A América afirmou que "continua com suas operações ativas e manterá o mercado e seus stakeholders informados sobre o desenvolvimento das tratativas".
A EDP disse que não comenta ações em andamento. Cemig, Eneva e Auren também afirmaram que não iriam comentar o tema. Enel e Safira não retornaram imediatamente a pedido de posicionamento.
Os rumores sobre uma piora da situação da América surgiram nesta semana, com informações de que a empresa teria notificado a Comerc sobre rescisão contratual.
A Comerc afirmou que sua exposição à América "é bastante reduzida, inferior a R$3 milhões, sem gerar qualquer impacto nas operações, na solidez financeira ou no cumprimento das obrigações da trading".
CASO GOLD
No documento à Justiça, a América afirma que a piora de sua situação tem relação direta com os problemas da comercializadora Gold, que entrou em recuperação extrajudicial neste ano. Segundo a América, o inadimplemento da Gold teria gerado um impacto de cerca de R$75 milhões em seu caixa.

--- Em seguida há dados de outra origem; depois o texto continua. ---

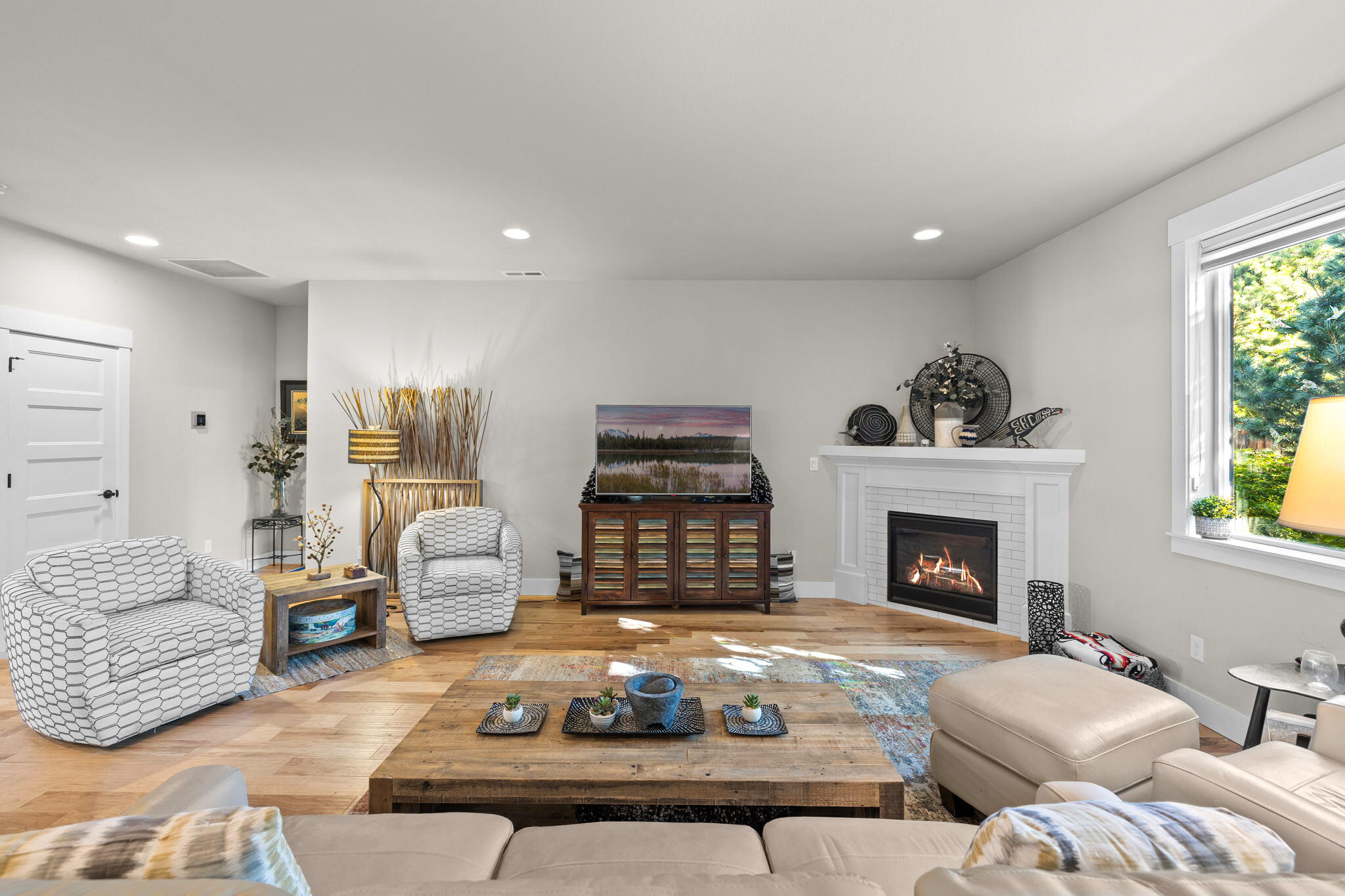 1258 NE Hoover Loop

Com dívida bilionária, a Gold foi a última grande comercializadora de energia a não honrar com contratos nos mercados livre e regulado, após se alavancar realizando grandes vendas de energia sem ter recursos equivalentes comprados em meio à forte alta de preços spot de energia.
Os problemas da Gold pegaram o mercado de energia de surpresa, já que a casa contava com boa reputação entre os agentes e mantinha negócios com várias grandes empresas.
A gravidade do caso da Gold, que também teve efeitos sobre o mercado regulado de energia, levou a agência reguladora Aneel a aprovar no mês passado a possibilidade de ingressar com uma ação civil pública contra a empresa.
Segundo os diretores da Aneel, há uma preocupação com a atuação imprudente de comercializadoras de energia em momento em que o Brasil avança para a liberalização total do mercado, permitindo que todos os consumidores possam no futuro escolher seu provedor de energia.
Outra comercializadora a enfrentar problemas financeiros e entrar em recuperação judicial neste ano foi a 2W Ecobank, que tinha atuação importante como "varejista", vendendo energia para consumidores de pequeno porte.
Os debates sobre segurança do mercado livre de energia ocorrem há vários anos, com a Câmara de Comercialização de Energia Elétrica (CCEE) tendo avançado com algumas medidas para fortalecer o mercado.
Nesse contexto, agentes ligados principalmente à geração de energia têm apoiado a criação de uma bolsa de energia, com estabelecimento de uma contraparte central, como forma de reduzir os riscos nas negociações e aumentar a liquidez. A principal iniciativa do tipo hoje é liderada pela N5X, que tem como acionista a Nodal, bolsa de derivativos da alemã European Energy Exchange (EEX).